━━━ Records for this exercise

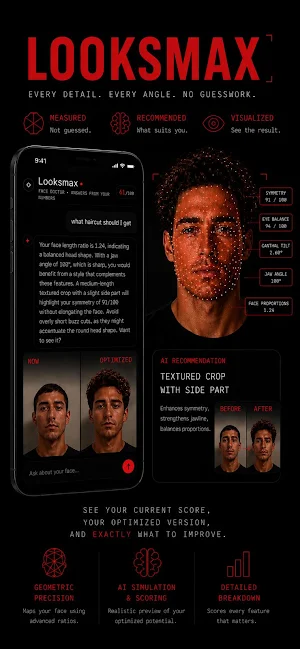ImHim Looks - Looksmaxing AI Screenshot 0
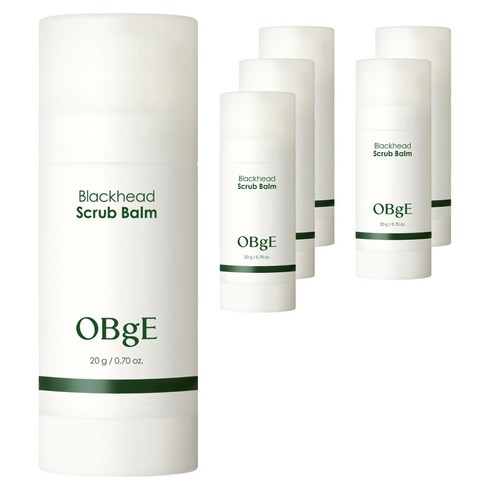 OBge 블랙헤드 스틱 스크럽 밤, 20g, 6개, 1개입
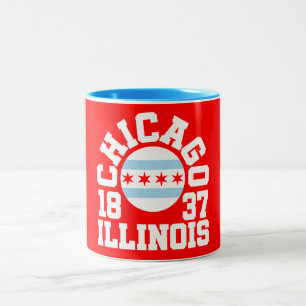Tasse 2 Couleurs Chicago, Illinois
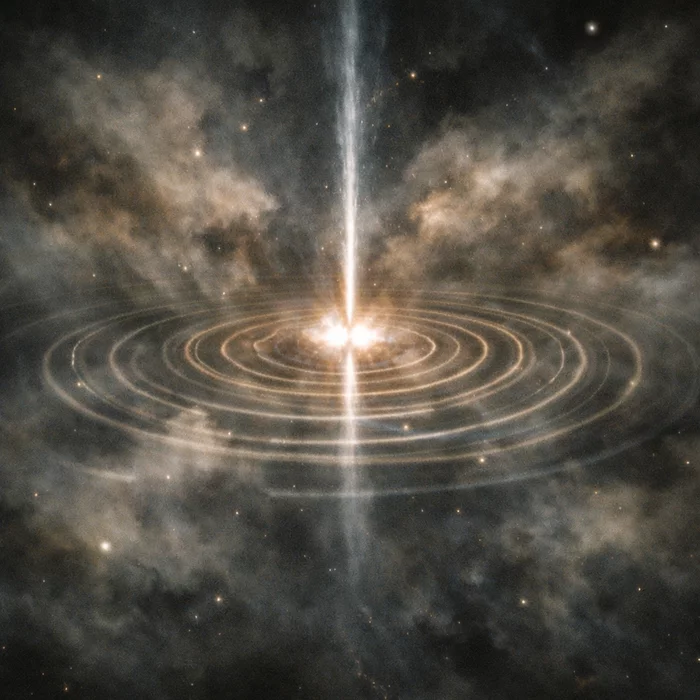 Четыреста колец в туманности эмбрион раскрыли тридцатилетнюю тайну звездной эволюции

━━━━━━
━━━ Records for this exercise

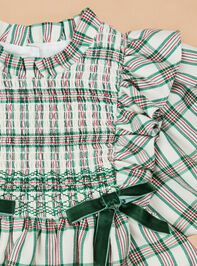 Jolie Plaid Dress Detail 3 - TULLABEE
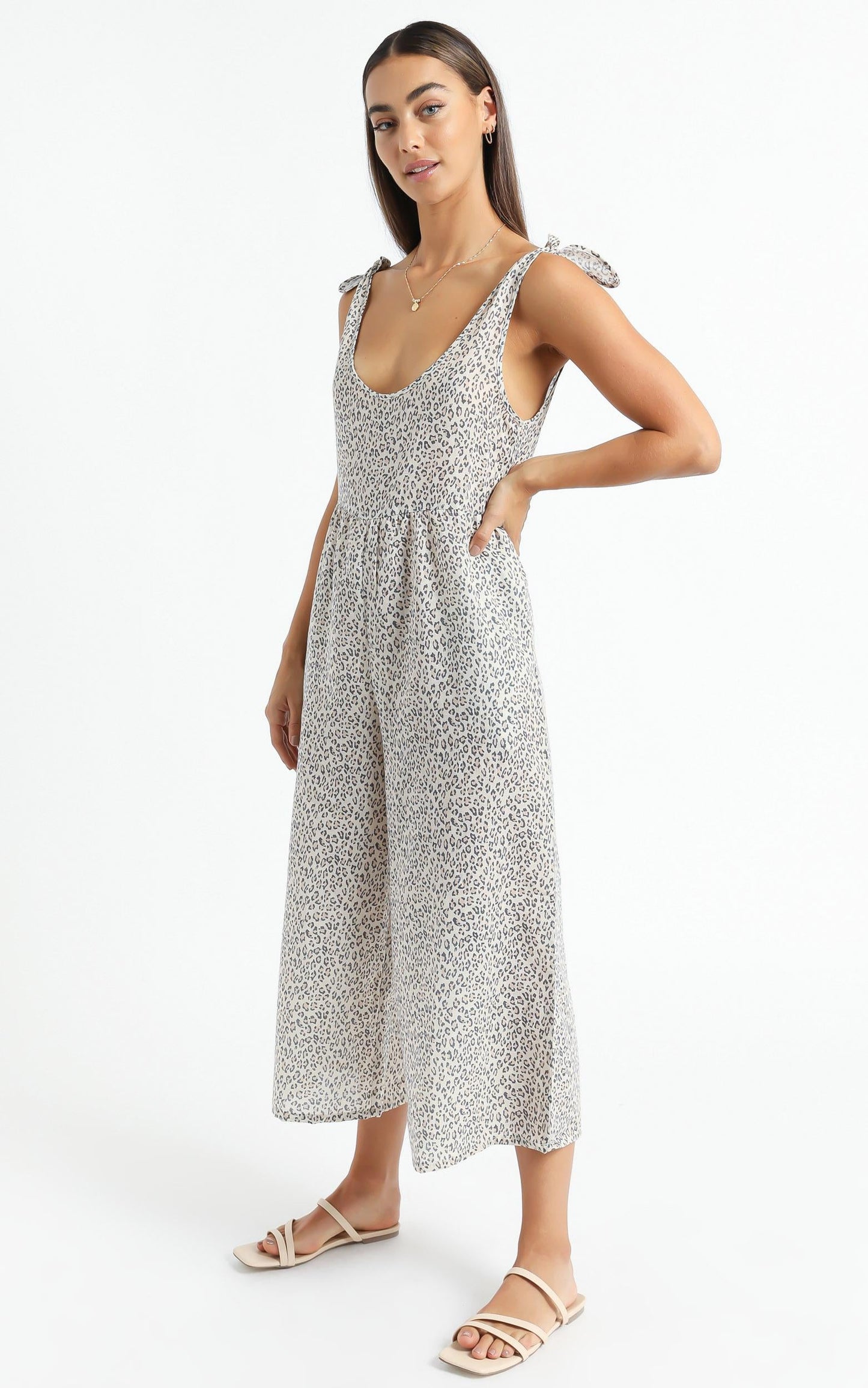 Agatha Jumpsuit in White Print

━━━━━━

Work to be completed:
Please return the data above exactly as it stands from the line with "ImHim Looks - Looksmaxing AI Screenshot 0" to the line with "Четыреста колец в", keeping both of those lines but none of the pictures.

Written reply:
ImHim Looks - Looksmaxing AI Screenshot 0
 OBge 블랙헤드 스틱 스크럽 밤, 20g, 6개, 1개입
Tasse 2 Couleurs Chicago, Illinois
 Четыреста колец в туманности эмбрион раскрыли тридцатилетнюю тайну звездной эволюции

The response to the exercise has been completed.